An article appeared on social media about a group of parents using cannabidiol (CBD) for their children's epilepsy. Unlike the usual reports of people using marijuana and subjectively reporting "improvements", this group of patient advocates went and filed an Investigational New Drug (IND) with the FDA. Don't get me wrong - I support the medical (and recreational) use of marijuana, but heretofore the real scientific data available has been extremely thin. Rather than going on Silk Road to get a bunch of medicine then post wonderful stories on social media, this group created a real clinical trial in cooperation with FDA and a company named GW Pharmaceuticals which supplied a pure oil formulation of CBD. This is a very important development in patient-driven access to investigational drugs. Far better than the usual DIY projects (even the handful started by yours truly), this type of project can deliver real, verifiable, and scientifically-accepted results.

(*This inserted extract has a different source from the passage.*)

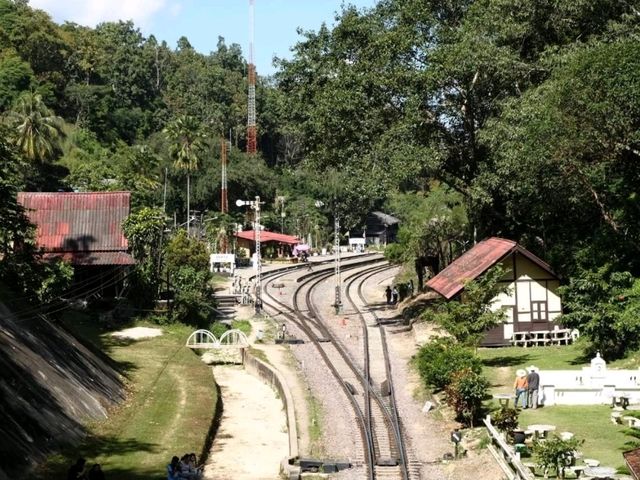 Let's go to Khun Tan Station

The body contains cannabinoid receptors both in the CNS and periphery. The most well-known cannabinoid ligand is THC (a CB1 agonist) which is responsible for the euphoric psychoactive effect in marijuana. Both natural and synthetic cannabinoids long been of interest in treating disease. What's of most interest in medicine are the anti-inflammatory effects of CB2 agonists such as cannabidiol or CBD. Endogenous CB2 receptors are upregulated in the spinal cords of SOD1 transgenic mice. CBD agonists show symptomatic improvement in several inflammatory diseases. There is evidence that CB2 receptors are upregulated in response to the inflammatory microglial activation in ALS. Several studies have shown that CB2 agonists have a beneficial effect in transgenic SOD1 mice. This data shows that more work, perhaps in in human patients, is warranted.
Alternative medicine is very popular in the ALS Community because, frankly, there is nothing currently available proven to extend the lives of PALS. Unfortunately most experiments are done without adequate objective observation and recording of data. Instead all that is reported are vague descriptions of improvement, skewing any rational perception of the particular alternative medicine. This causes more desperate patients to attempt the alternative with the same lack of adequate reporting.
This post, however, is not about calling for an IND for CBD (which would nevertheless be a good idea). The point here is to spotlight that a group of patients and/or advocates got together to do an experiment outside of an institutional clinical trial. They led the way and did it themselves while preserving the valuable objective data. They created their own hope in a seemingly hopeless situation. This is the ultimate expression of DIY Medicine, done properly and openly. Any other method is a waste of time, money, and health.
There is actually much more opportunity than just experiments with speculative alternative medicine. Hope exists for the approximately 60% of living PALS who don't qualify for clinical trials. That hope is the FDA Expanded Access Program (EAP). PALS should request EAPs for those investigational treatments which have passed the Phase 2 endpoint requirements of safety and suggested efficacy. Furthermore, they should support efforts to bring EAPs to the ALS Community. Living, even for the healthy, requires hope. We, the ALS Community, like everything else we have accomplished, must create our own hope by being pioneers and responsible citizen scientists.